The reply is to be the lines from the one with "Italian Garlic and Cheese Breadsticks Recipe" through the last line of the records below, each retyped exactly, with pictures left out.

Short text fragments from websites:
·····
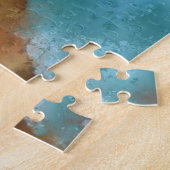 Mooie Atlantic Puffin Bird Painds Migned Legpuzzel (Zijkant)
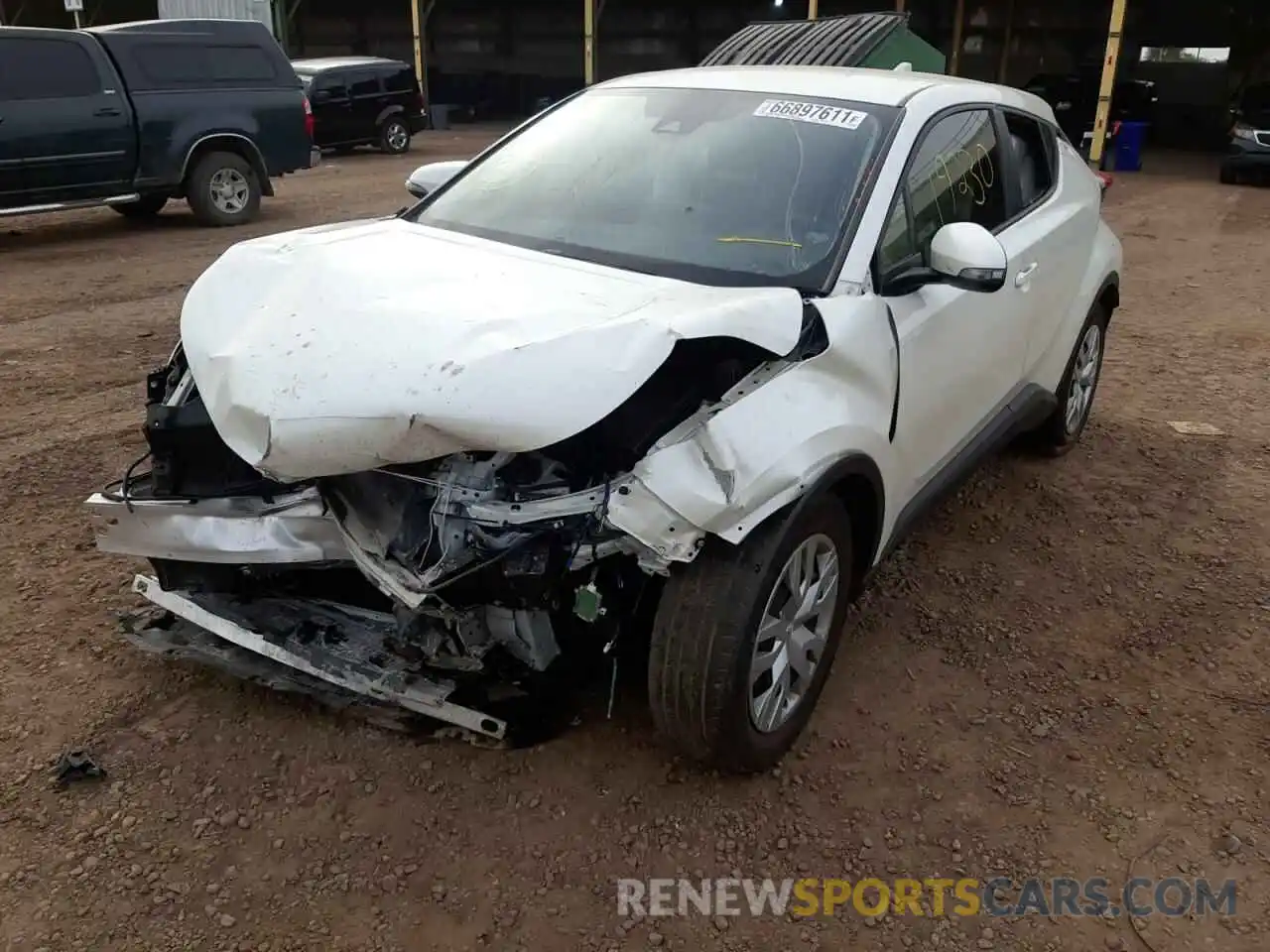 2 Photograph of a damaged car JTNKHMBXXM1095679 TOYOTA C-HR 2021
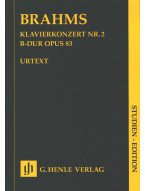 Johannes Brahms: Piano Concerto no. 2 B flat major op. 83 - Study Score (noty pro klavír, orchestr)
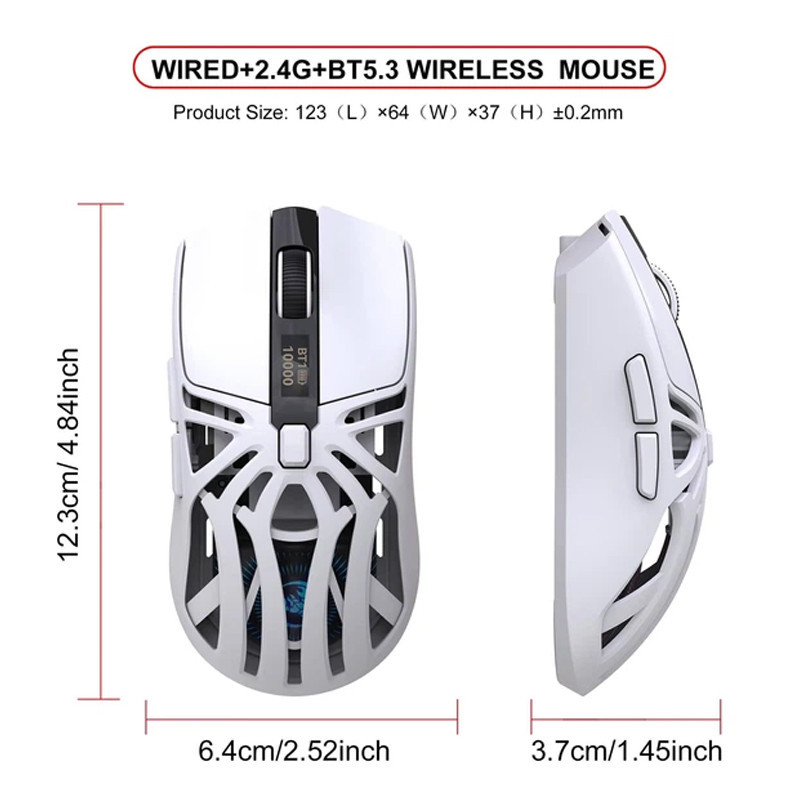 Souris Gamer HXSJ T400 Blanc En Tunisie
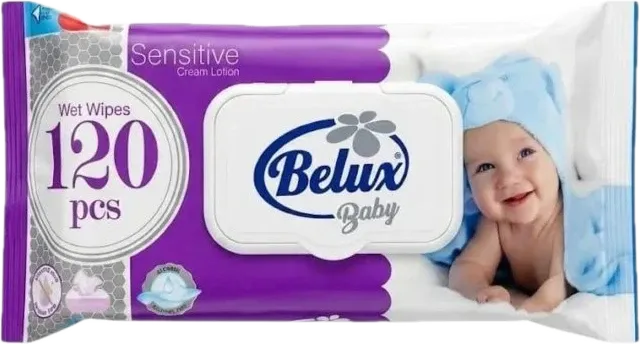 BeLux мокри кърпи 120 бр.12 бр./кашмирея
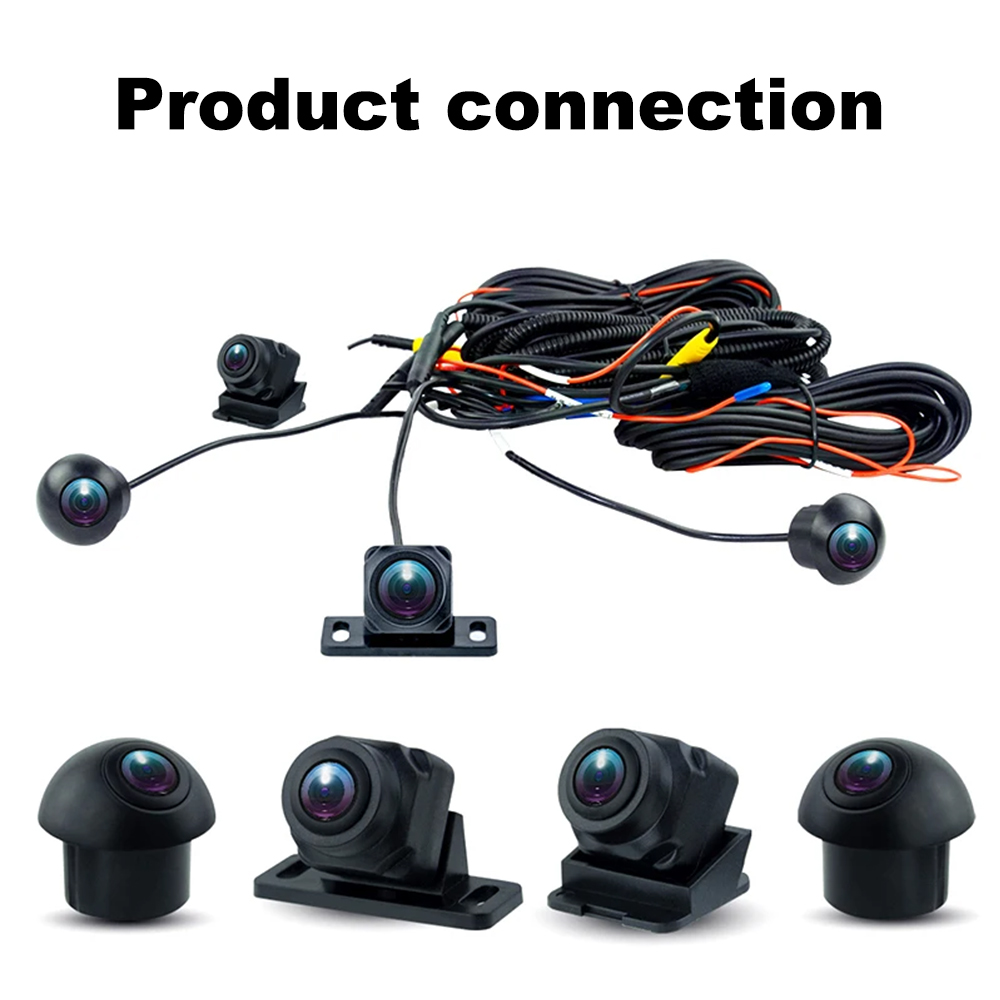 Untuk Aksesoris Mobil 360 °    - Panoramic Dash Cam 360 ulasan dan harga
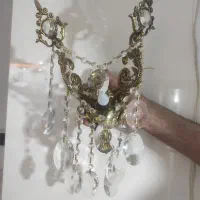 چراغ خواب دیواری برنجی سالم و شیک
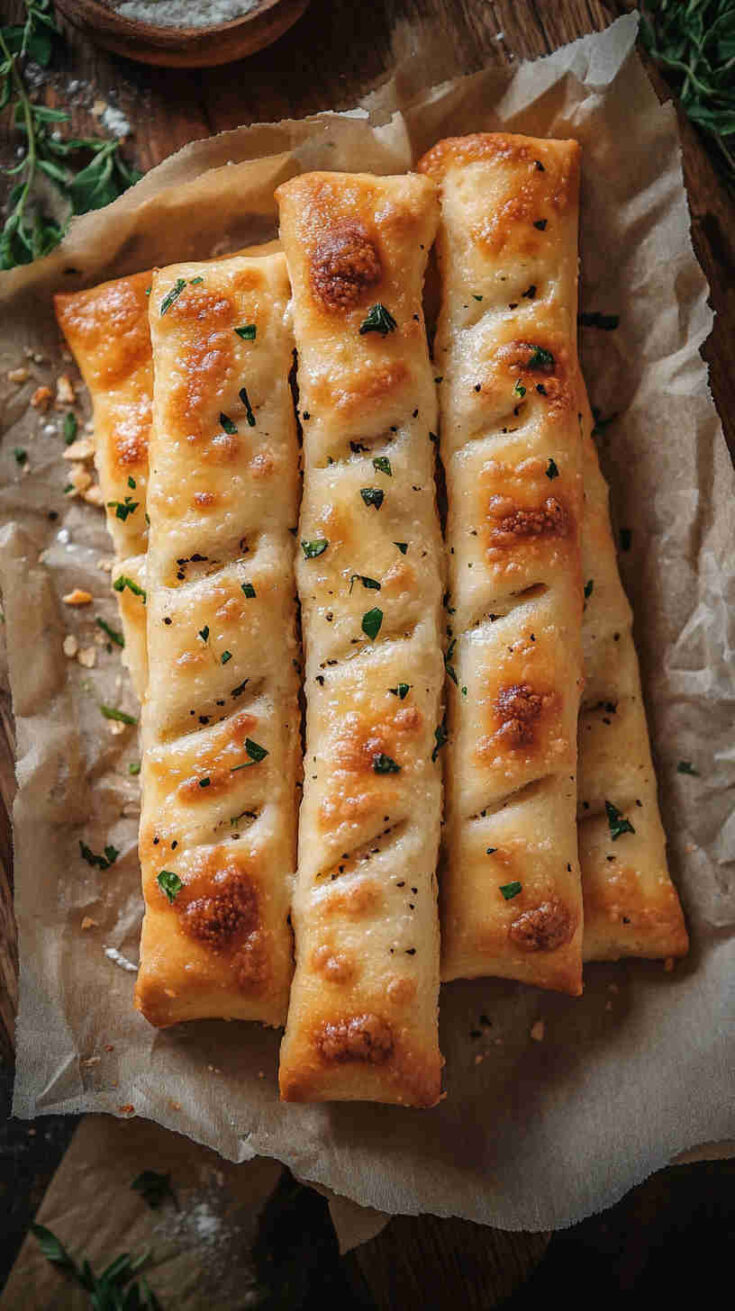 Italian Garlic and Cheese Breadsticks Recipe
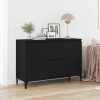 VidaXL Bufet cu sertar Negru 104 x 35 x 70 cm Lemn compozit 862597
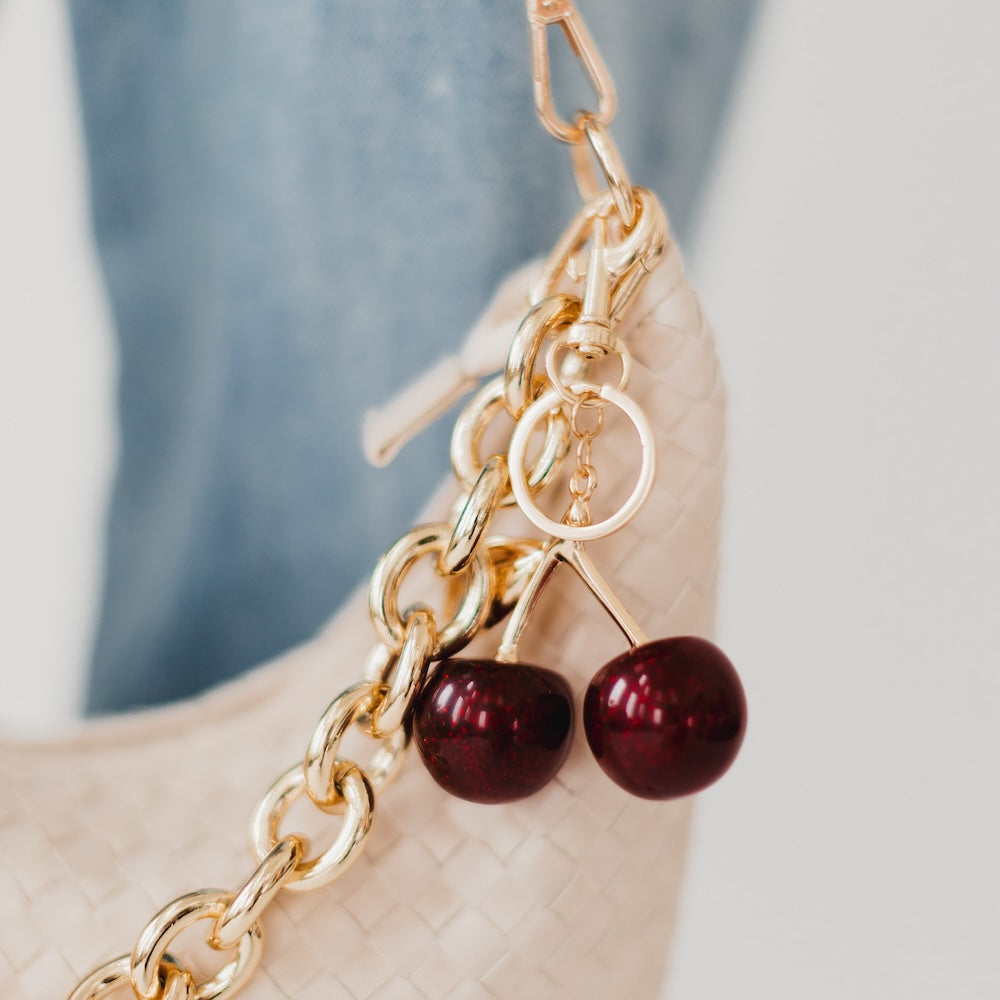 Cherry Bag Charm
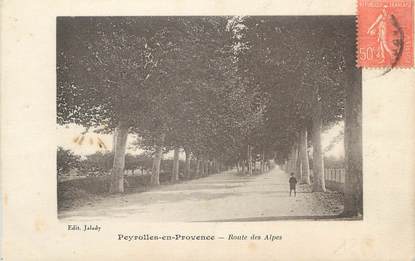 CPA FRANCE 13 " Peyrolles en Provence, Route des Alpes"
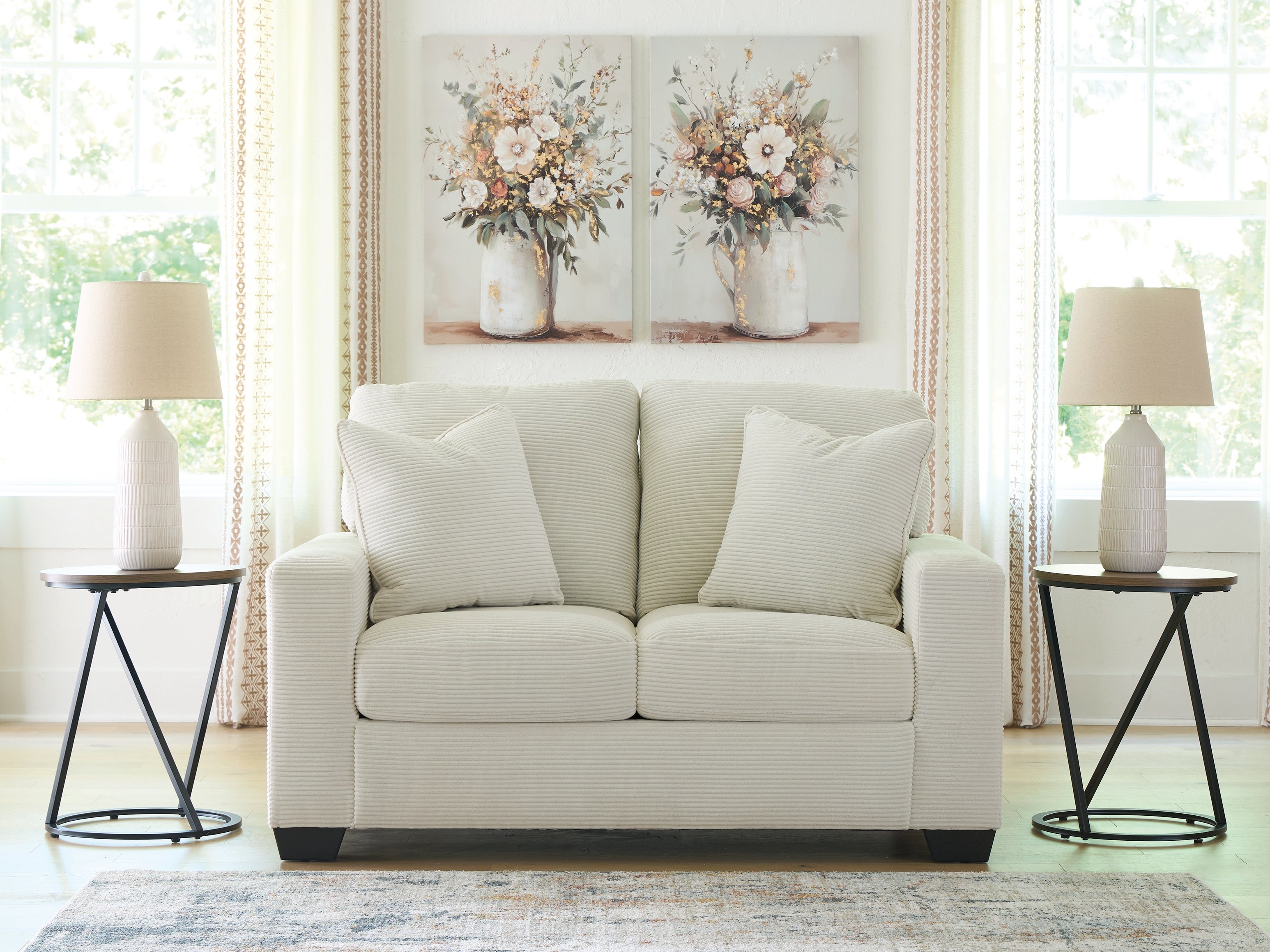 Warmstead Furniture - Ashley Furniture - Greenbriar Living Room - Loveseat / Ivory - PC3200635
·····
- [ANSWER FOR THE TASK]
 Italian Garlic and Cheese Breadsticks Recipe
 VidaXL Bufet cu sertar Negru 104 x 35 x 70 cm Lemn compozit 862597
 Cherry Bag Charm
 CPA FRANCE 13 " Peyrolles en Provence, Route des Alpes"
 Warmstead Furniture - Ashley Furniture - Greenbriar Living Room - Loveseat / Ivory - PC3200635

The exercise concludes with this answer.